Mitchell returned to Paris in the summer of 1955, where she met a group of artists which included Sam Francis, Norman Bluhm and Canadian artist Jean-Paul Riopelle. Divorced from Rosset, she and Riopelle would live together until 1979. Mitchell continued to exhibit in New York, dividing her time between New York and Paris until she eventually relocated to France in 1959. Her works made during this period, such as "Ladybug" (1957) challenged many of the ideas of the New York School. Although such works were abstract, she saw them as dealing with nature and representing the outside world rather than an interior one, and declared that her works “were about landscape, not about me.” Yet Mitchell did not wish to create a realistic view of nature, but rather to paint its effects, “what it leaves me with,” through the use of colors and brushstrokes that would evoke the sensations of landscapes. In contrast action painting, which, at the time was described as being primarily instinctual, Mitchell’s works were carefully composed, combining both planning and intuition. Despite the aesthetic of spontaneity that Mitchell employed in her work, she rejected the idea that her works reflected “action” painting, stating, “the freedom in my work is quite controlled. I don’t close my eyes and hope for the best.”

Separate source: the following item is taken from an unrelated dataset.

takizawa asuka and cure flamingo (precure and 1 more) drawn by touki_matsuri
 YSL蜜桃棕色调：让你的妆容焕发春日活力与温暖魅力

Mitchell’s work has been widely exhibited in the United States and Europe. In 1974, the Whitney Museum of American Art had a ten-year retrospective of Mitchell’s work and in 1982, she had a solo exhibition at the Musee d’Art Moderne de la Ville de Paris. In 1988, the Herbert F. Johnson Museum of Art at Cornell University mounted a major retrospective exhibition of her work that traveled to several venues, including the Corcoran Gallery of Art, the San Francisco Museum of Art, and the Albright-Knox Art Gallery. In 2002, the Whitney Museum of American Art recently featured her work in a posthumous exhibition. Over a decade after her death, Mitchell’s distinctive work continues to influence several generations of artists.